- **How to complete this task**: The expected output is each line from the one containing "Wolf Wolves Flexfit Vintage Destroyed Cap" to the last line of the data below, set down exactly, minus the pictures.

**** Available data

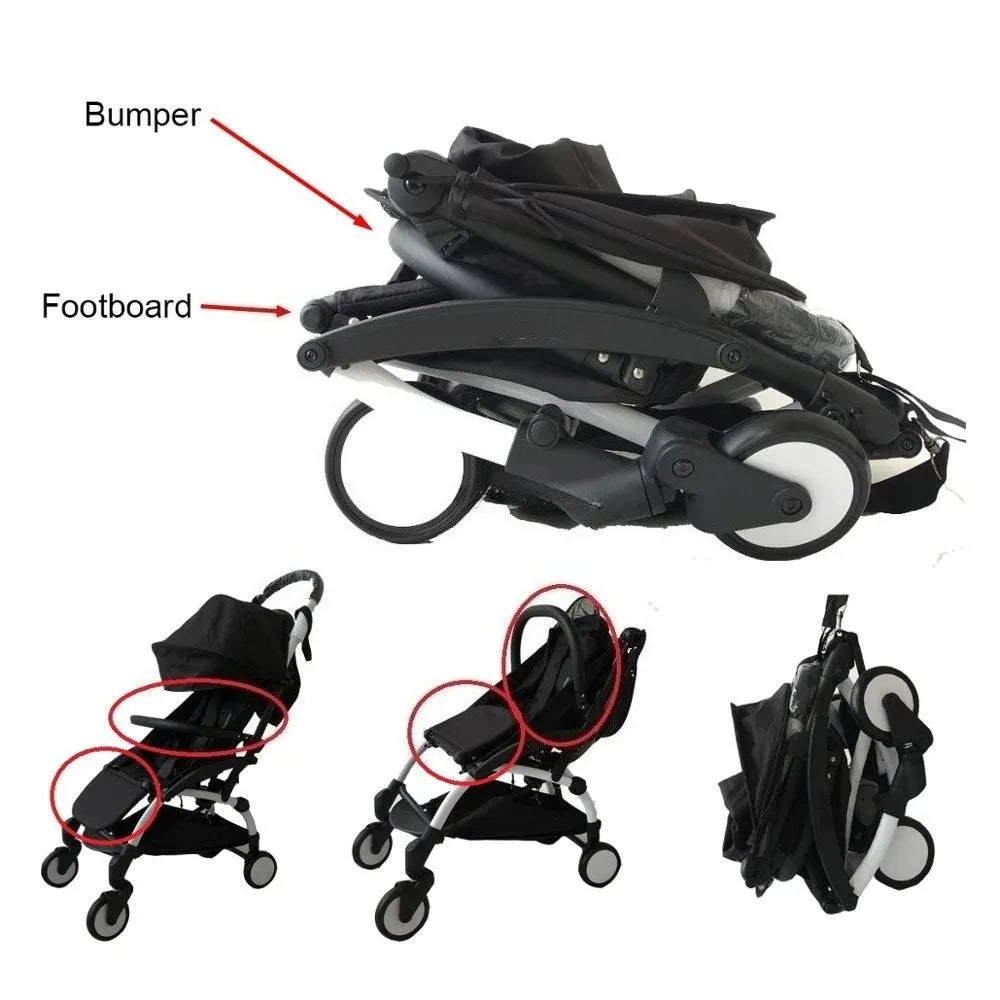 Baby Stroller Accessories Armrest PU Leather Bumper Bar Handrail Extend Footboard Compatible with Babyzen YOYO 2 YOYO 3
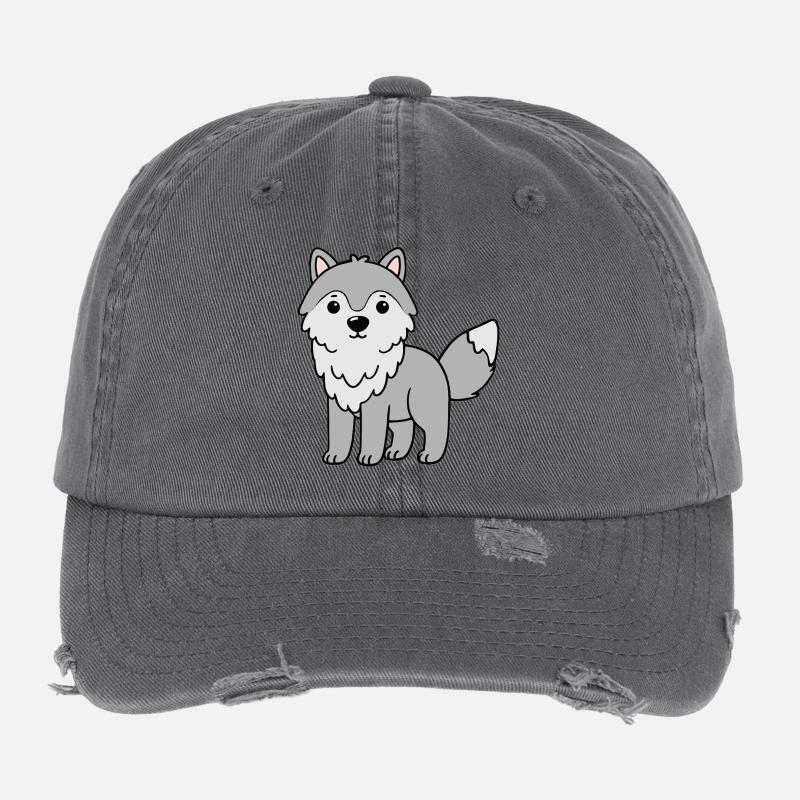 Wolf Wolves Flexfit Vintage Destroyed Cap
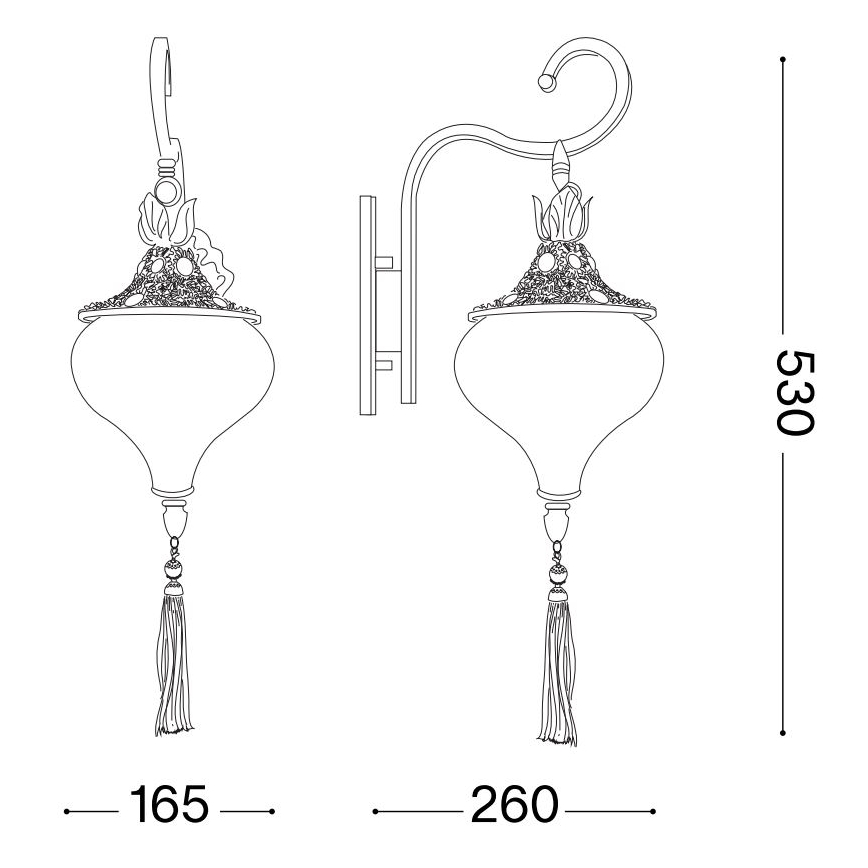 Nástená lampa s tvarom vázy, zdobená strapcami, sa montuje na stenu. Rozmery: výška 530 mm, šírka 260 mm, dĺžka strapca 165 mm.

********

- **Result below**:
 Wolf Wolves Flexfit Vintage Destroyed Cap
 Nástená lampa s tvarom vázy, zdobená strapcami, sa montuje na stenu. Rozmery: výška 530 mm, šírka 260 mm, dĺžka strapca 165 mm.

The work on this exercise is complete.